Seems a useless object now, just wait.

Sets

This container is again an unordered collection of elements and is mutable.
Cannot have duplicate elements of a set.
Initialised with curly-braces {}.
Good for comparisons between different sets of variables as in mathematics.



In [16]:

    
s1 = {"a", "b", "c", "d"}  # Initialised
print(s1)
s1.add("e")  # Can add and remove elements
s1.remove("e")
s2 = {"c", "d", "e", "f"}
# Several mathematical operations
print(s1.union(s2))
print(s1.difference(s2))









    



{'c', 'd', 'b', 'a'}
{'e', 'c', 'b', 'd', 'a', 'f'}
{'b', 'a'}

Note that the elements won't necessarily be in any particular order.

Casting to iterables

Containers are also iterable objects, meaning that their elements can be looped over sequentially, which we'll cover later.
Iterable objects have many special properties, one of which is the casting between them.



In [17]:

    
l = [0,1,2,3,4]
t = tuple(l)  # Cast iterable to tuple
s = set(l)   # Cast iterable to set
d = dict([["a", 1], ["b", 2]])  # Cast iterable of pairs to dictionary
print(d)
name = "Dave"
l = list(name)  # Strings are iterable
print(l)









    



{'b': 2, 'a': 1}
['D', 'a', 'v', 'e']

Deletion of variables

It's also possible to delete variable names to remove them and free their memory.
In general you don't have to worry about memory (de)allocation in Python as it has an in-built Garbage-collector which frees up memory when objects no-longer have a variable name assigned to them e.g.
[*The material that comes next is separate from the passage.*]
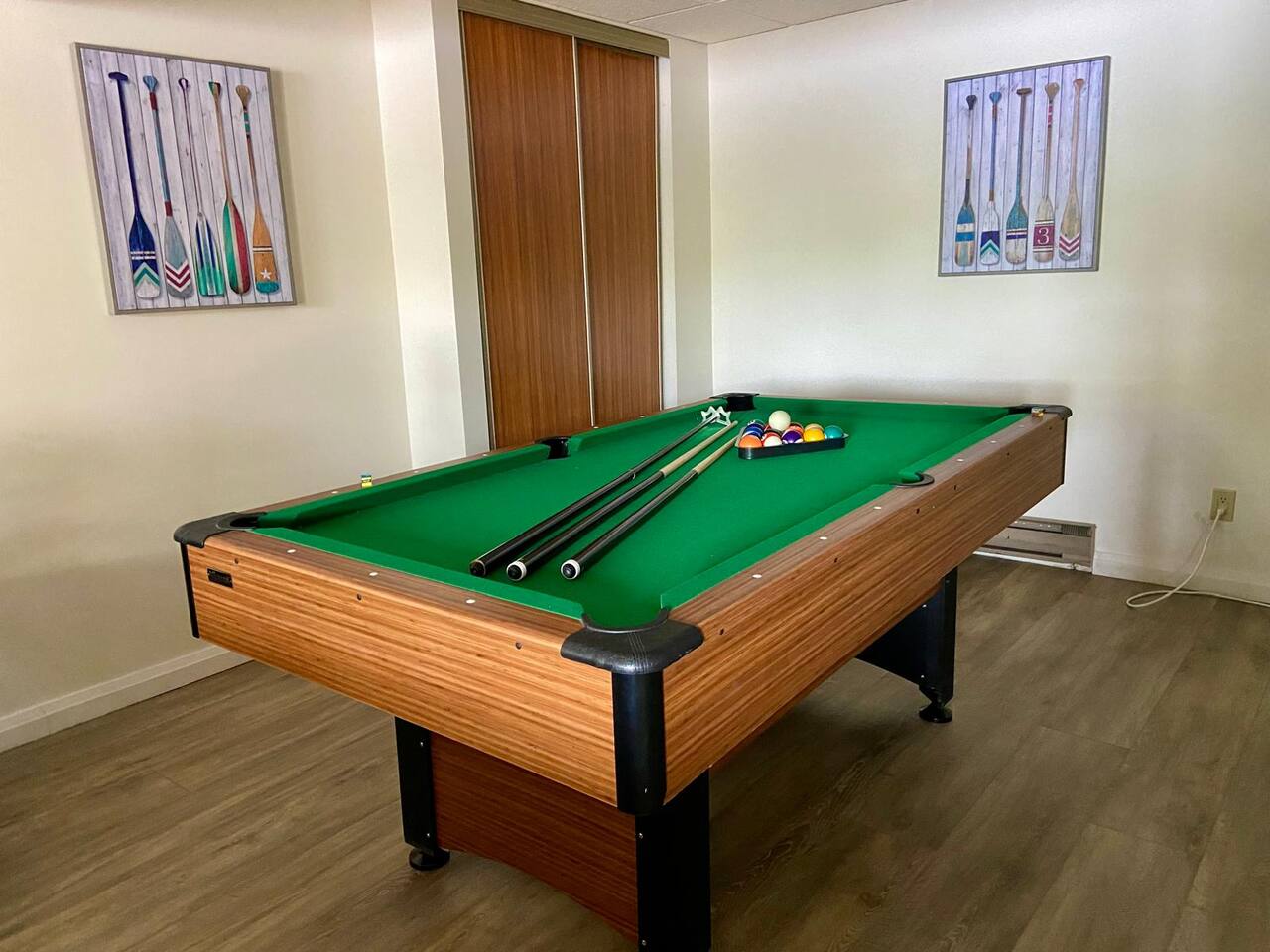 Waterfront cottage view from the lake showing dock and shoreline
When variables go out of scope.
However you may want to manually clean up your local variable names or delete elements in lists/dictionaries directly.
To do this use the del keyword.



In [18]:

    
a = 1
b = [0,1,2,3,4]
c = {"Dave":27, "Andy":28}
del a
#print(a)  # This won't work as 'a' no longer exists

del b[2]  # Delete by index
print(b)
del b  # Delete whole object

del c["Dave"]  # Delete by key
print(c)
del c  # Delete whole object









    



[0, 1, 3, 4]
{'Andy': 28}